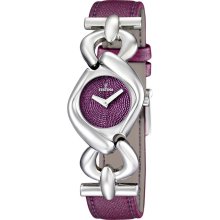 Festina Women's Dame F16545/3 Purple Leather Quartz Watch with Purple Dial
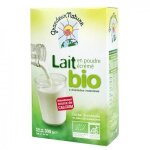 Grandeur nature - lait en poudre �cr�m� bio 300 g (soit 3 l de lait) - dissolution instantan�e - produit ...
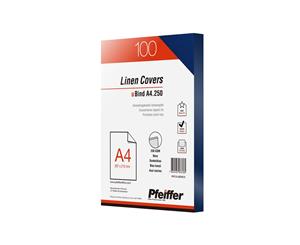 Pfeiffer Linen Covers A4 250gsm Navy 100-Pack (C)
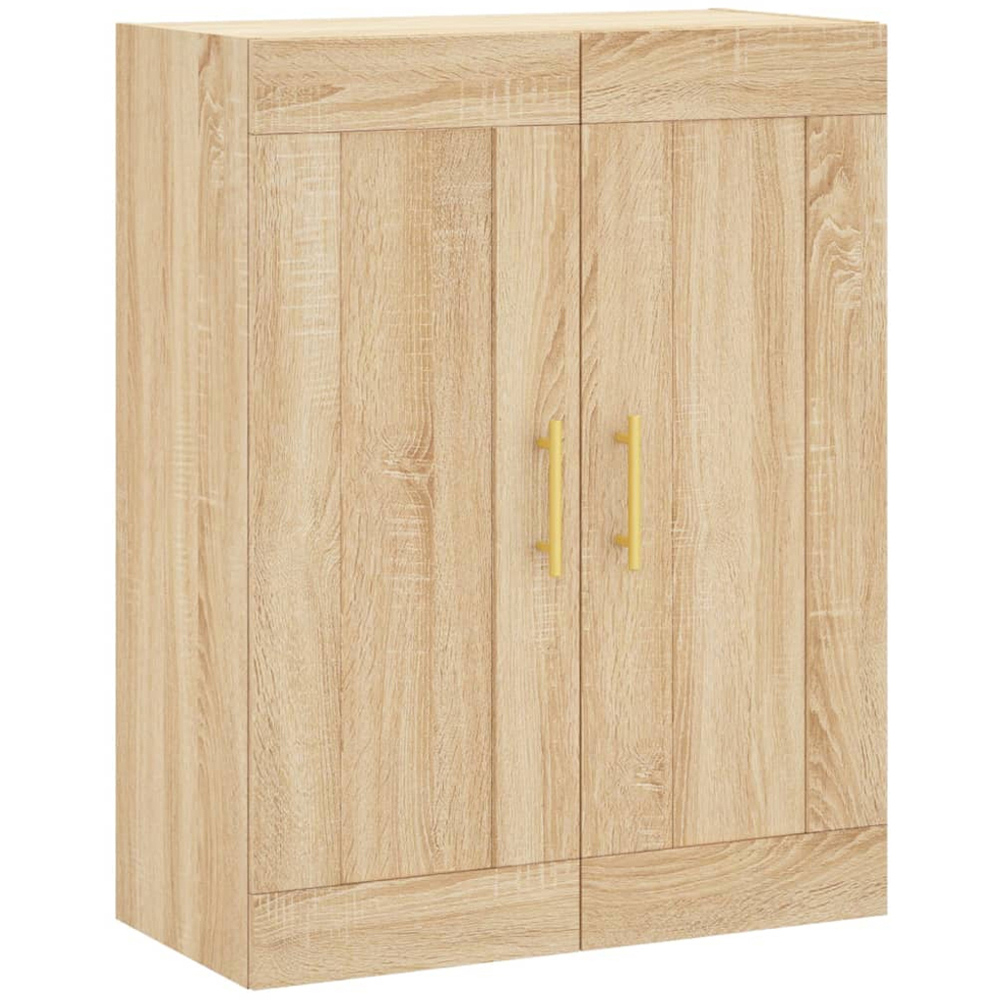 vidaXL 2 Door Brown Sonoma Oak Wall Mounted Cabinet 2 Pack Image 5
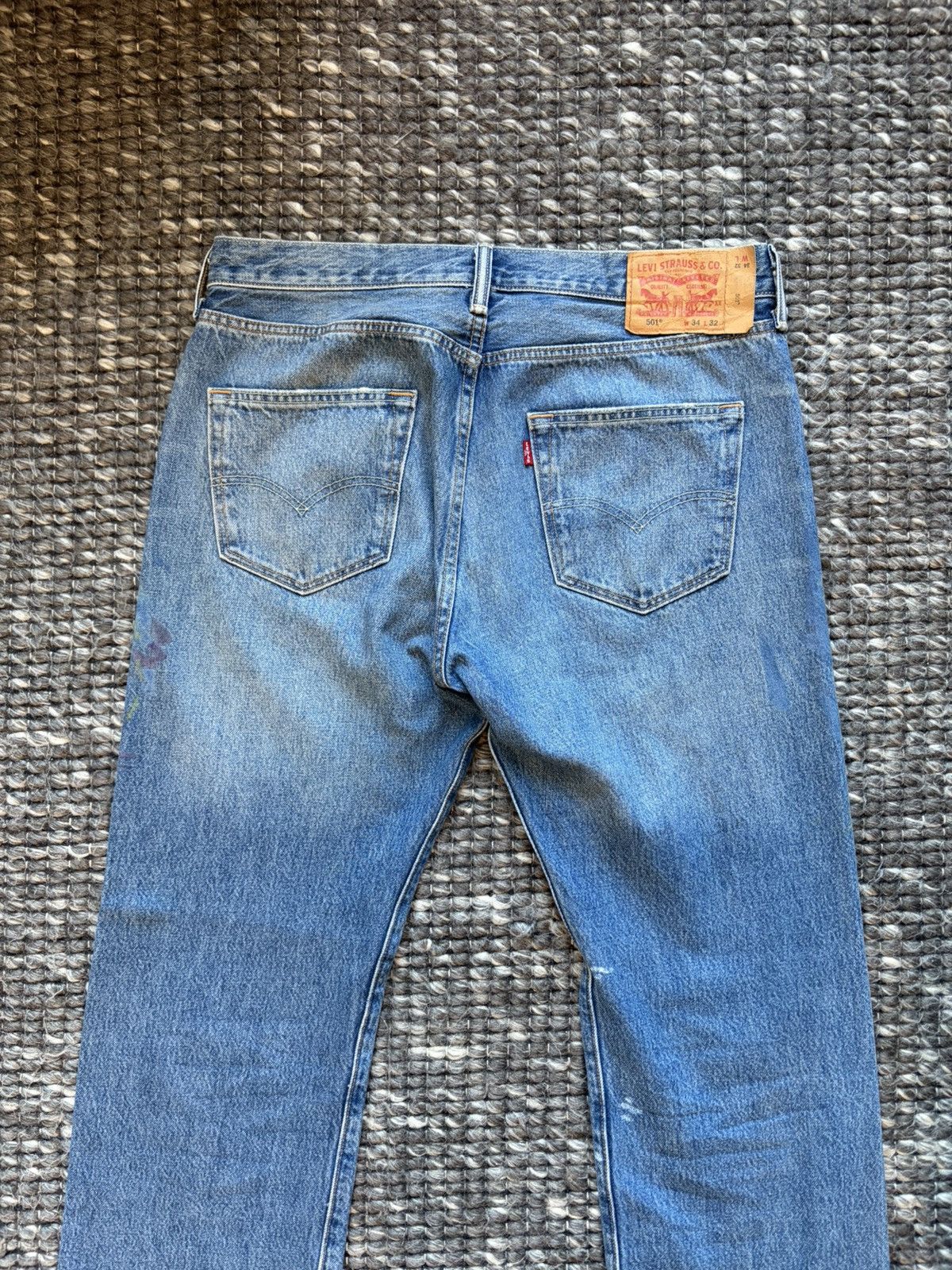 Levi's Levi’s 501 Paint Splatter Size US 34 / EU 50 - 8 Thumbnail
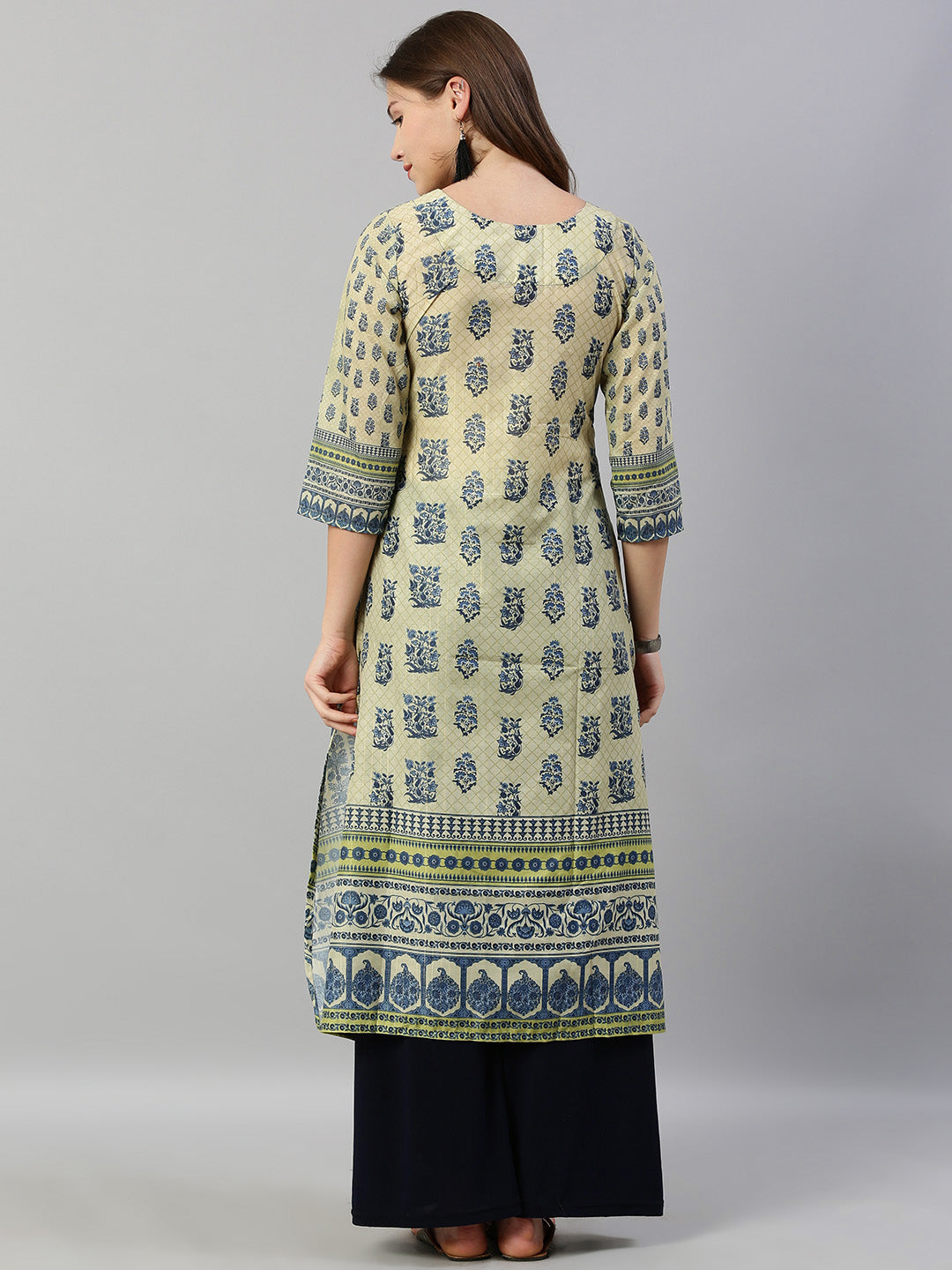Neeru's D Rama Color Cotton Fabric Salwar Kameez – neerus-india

ASSIGNMENT :: Your copy should match the material above exactly, minus its pictures.

RESPONSE TO THIS EXERCISE ::
 Festina Women's Dame F16545/3 Purple Leather Quartz Watch with Purple Dial
 Grandeur nature - lait en poudre �cr�m� bio 300 g (soit 3 l de lait) - dissolution instantan�e - produit ...
 Pfeiffer Linen Covers A4 250gsm Navy 100-Pack (C)
 vidaXL 2 Door Brown Sonoma Oak Wall Mounted Cabinet 2 Pack Image 5
 Levi's Levi’s 501 Paint Splatter Size US 34 / EU 50 - 8 Thumbnail
Neeru's D Rama Color Cotton Fabric Salwar Kameez – neerus-india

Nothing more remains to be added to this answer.